Un libro, una canzone: insieme

Tempo fa credevo molto in un semplice concetto. Anzi, più che crederci, ne ero fermamente convinto. Si può spiegare in questo modo: non c’è storia che valga la pena raccontare, se non ha un bel finale. Lo so, è un pensiero molto stupido, ma questo è quanto. Finiva un film e se il finale non era positivo, un misto di rabbia e pesantezza si gonfiava dentro il mio critico giudizio, così da depennare subito la storia in un racconto sbagliato, mal trasposto o, peggio ancora, banalmente concepito.

C’è così tanto malessere qui intorno che non potevo accostarmi all’idea di raccontare una storia che producesse altro dissapore nell’umanità e nel mondo circostante. Così era. No lieto fine, no party. Poi, ho letto uomini e topi.

È il primo libro di Steinback che abbia mai letto. Probabilmente non il suo migliore, ma di gran lunga il suo più tenero. Parla di due amici in un’America ormai lontana, con un sogno in testa: avere un posto loro dove coltivare la terra. Ovviamente, sono poveri in canna; per vari strani motivi, sono fuggiaschi; e per un assoluto e cieco desiderio del destino, sono bersagliati dalla sfortuna.

È veramente difficile non innamorarsi di questi due personaggi. Da un lato Lennie Small, gigante con il cuore e la mente di un bambino, e dall’altra suo cugino George Milton che si prende cura di lui e che combatte contro tutti e tutto per raggiungere il loro sogno.
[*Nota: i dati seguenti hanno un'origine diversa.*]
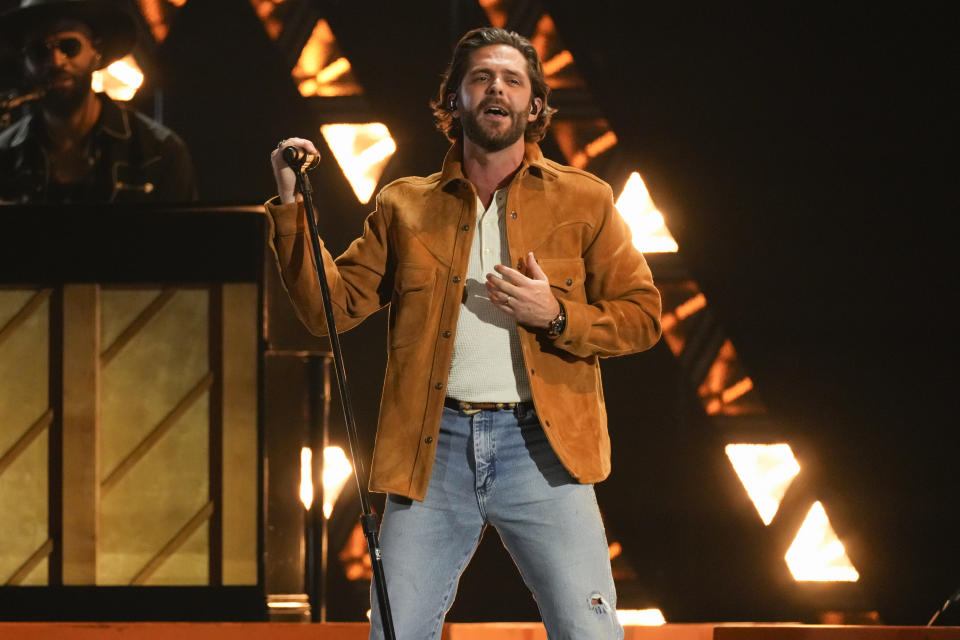 Thomas Rhett performs "Beautiful As You" during the 59th annual Academy of Country Music Awards on Thursday, May 16, 2024, at the Ford Center in Frisco, Texas. (AP Photo/Chris Pizzello)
Vi devo dire che un po’ di puzza di malessere la sentivo già dalle prime pagine. Forse per l’accostamento che fa Steinback tra gli uomini e i topi, e il loro assiduo vagare senza meta. Ma non era solo quello. Più si va avanti nella storia e più si rincorre il sogno dei due cugini, più si disegna la mappa del cuore dei due personaggi. Due cuori che sono, per l’appunto, fragili. Da una parte per l’ingenuità e per la bontà a suo servizio. Nell’altro per un mondo troppo duro e troppo faticoso per nutrire un sogno così semplice e puro.
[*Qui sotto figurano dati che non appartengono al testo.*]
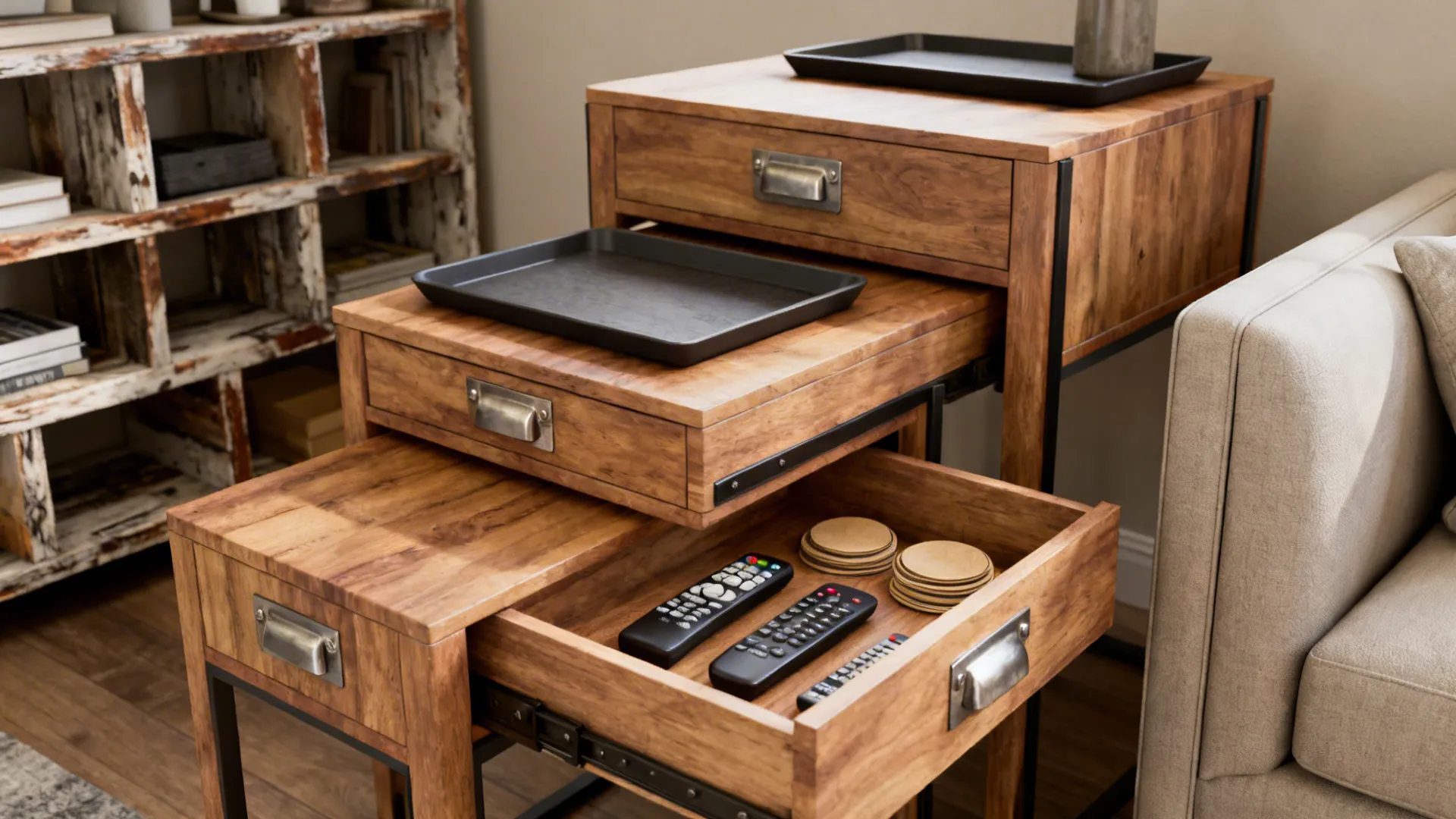 Nesting tables with built-in drawers and removable trays used for neat storage beside a slim sofa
Ti senti un po’ uno, un po’ l’altro, ed è questa la vera forza di questa storia. È una storia che racconta la disillusione, la vincita del mondo rispetto ai propri sogni, ma lo fa con due strade e con due personaggi. In questo modo ti fa soffrire un’unica volta, ma passando per due esistenze completamente opposte, come se il dolore di più persone fosse il dolore di tutto un mondo.
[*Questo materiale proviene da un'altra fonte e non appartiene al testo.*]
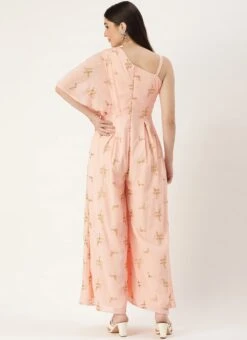 Peach Embroidered Jumpsuit Festive Wear -Indo Clothing Shop Peach Embroidered Jumpsuit DRBS02306363 b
Un dolore e una rabbia che De Gregori racconta bene nella sua canzone 3000.000.000 di topi.

“Erano i topi del magro cuore,
Seduti ad aspettare,
Il nostro magro cuore.”

E nonostante il libro ti prepara alla disfatta, questa ti spezza comunque il cuore. Faccio ancora fatica a capire per quale motivo. Forse perché ti toglie una piccola certezza dentro, perché ti spegne una piccola luce che teneva vivo il sogno dei tuoi personaggi e, in parte, anche i tuoi. Di fatto, il libro è una lunga e lenta piccola lacrima che, scorrendo tra i dialoghi di Lennie e i silenzi di George, alla fine ti piomba addosso e ti ricopre di un senso di tristezza. Qualcosa a che fare con l’idea di “smarrimento”.

Chiusi il libro e me ne sono rimasi lì a pensare, per un po’. Avrei dovuto depennarlo, recensire negativamente un finale tragico come di tante cose tragiche invadono il nostro mondo. E invece no.

Per qualche strano motivo sentivo dentro di me il desiderio di uscire di casa e innamorami e sognare fino a star male. È una cosa difficile da spiegare. È che a volte ci sono dei sogni talmente belli, dei paradisi posti nel cuore talmente puri che non c’è finale, per quanto tragico, capace di dissolverli. Rimangono vivi, belli e tristissimi. Come una storia d’amore che finisce male, o un’amicizia consumata. Si soffre tanto, ma la bellezza che c’era, perdura. Nella memoria o nelle sfumature del tempo.

Così leggendo uomini e topi, ho iniziato a pensare che non esistono cose belle o cose brutte in questo mondo. Non esistono nemmeno i finali giusti o sbagliati, persone buone o cattive, vite vere o false. Niente di tutto ciò. Esistono solo le cose eleganti o ineleganti.

E per quanto il destino può spezzarci, noi potremmo sempre trovare un mondo per essere eleganti. Anche nella disfatta, anche nei finali tristi. Unica grossa differenza, forse, tra gli uomini e i topi.